А между тем к этому самому 1928 году собралась еще одна - и большая по объему - книга стихов, которую он очень хотел напечатать. Отдельные ее циклы он читал в разных аудиториях, то более, то менее обширных. Именно с чтением стихотворений из этой книги связан последний публичный вечер Кузмина в Ленинграде. Сам он, как обычно, описывал его в дневнике довольно сдержанно: "Волнуюсь перед вечером. Заехал за мною студент Орлов, повез на извозчике. Это не в И<нституте> И<стории> И<скусств>, а в мятлевском доме. Вузовцы. Нет скрытого места. Жутковато. Бродил по лестнице. Пришел Жирмунский, и перевели нас в канцелярию. Там любезны профессора. Вышли вместе. И Шварц не опоздал. Теснота, но слушают отлично. Не поспел я взгромоздиться, как бежит, выпуча косой глаз, Симка в смокинге. В одной руке горшок сирени, в другой огромная коробка конф<ет>. Блестит как грош. Но ничего, спасибо друзьям. Читал охотно, чувствуя, что доходит. Антракта не было, так что уже после вечера встречал знакомых: Вагинова, Рюрика <Ивнева>, Фредерику <Наппельбаум> и т. п." (10 марта 1928 года).

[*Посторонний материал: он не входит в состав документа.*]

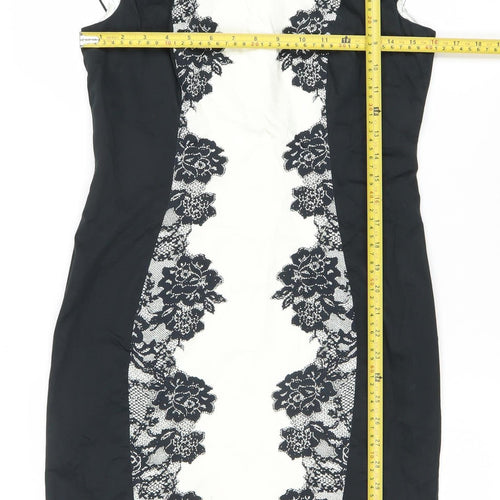 Papaya Women’s Black White Lace Sheath Dress Size 12 Knee Length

Но одному из авторов об этом вечере рассказывал тот самый "студент Орлов", который вез Кузмина на извозчике и который стал впоследствии известным блоковедом и главным редактором "Библиотеки поэта".
Он вспоминал, что в знаменитом Институте истории искусств (Зубовском, как его часто называли), где он тогда учился, была организована целая серия литературных вечеров, один из которых должен был быть посвящен Кузмину. Для этого потребовалось специальное разрешение директора, так как всем было понятно, что подобный вечер привлечет большое внимание и на нем будет много не слишком желательных для администрации лиц, то есть представителей еще сохранившейся петербургской интеллигенции и ленинградских гомосексуалистов. После долгого раздумья директор все же дал согласие с тем условием, чтобы не было никакой рекламы и на вечер допускались только студенты и сотрудники института, а гости - по специальным приглашениям.
Одним из первых впечатлений Орлова, приехавшего за поэтом, была нищенская одежда Кузмина и то, как он дрожал всю дорогу, потому что его летнее пальто состояло больше из дыр, чем из материи. Всю дорогу он предсказывал, что вечер непременно провалится, потому что его как поэта все давно забыли, а студенты вообще могут знать только жестоко критикуемого театрального обозревателя. Но оказалось, что зал битком набит: были заняты все места, люди сидели на полу и стояли вдоль стен, а народ все прибывал. Кузмин ободрился и после льстивого вступления начал читать стихи, среди которых были и те, что потом вошли в "Форель". С каждым стихотворением реакция аудитории на странного маленького человека, одетого по дореволюционной моде (больше ничего у него не было) и читающего с помощью старомодных очков, время от времени используемых как монокль, становилась все оживленнее. Для организаторов вечера было ясно, что вечер превратился в настоящее событие, но в то же время они испытывали и сильную тревогу. Из-за толкучки в дверях контролеры уже не могли проверять билеты, и множество безбилетников проникало в зал. Среди них были как раз те, кого больше всего боялся директор. Каким-то образом мир ленинградских гомосексуалистов узнал о вечере, и люди все прибывали и прибывали. Чаще всего среднего или даже пожилого возраста, они начали протискиваться к сцене; в руках у многих были букетики цветов. Когда Кузмин кончил читать, они ринулись к сцене и стали бросать на нее цветы. По выражению Орлова, это была "последняя демонстрация петербургских педерастов". Для Кузмина выступление оказалось настоящим триумфом, неожиданным и потому чрезвычайно приятным, но для организаторов вечера все едва не окончилось очень печально: с большим трудом им удалось убедить директора, что они были не в состоянии справиться с толпой.
Но что же представлял собой последний сборник стихов Кузмина и почему ему придается такое значение многими историками литературы? Видимо, ответ на этот естественный вопрос не может быть простым.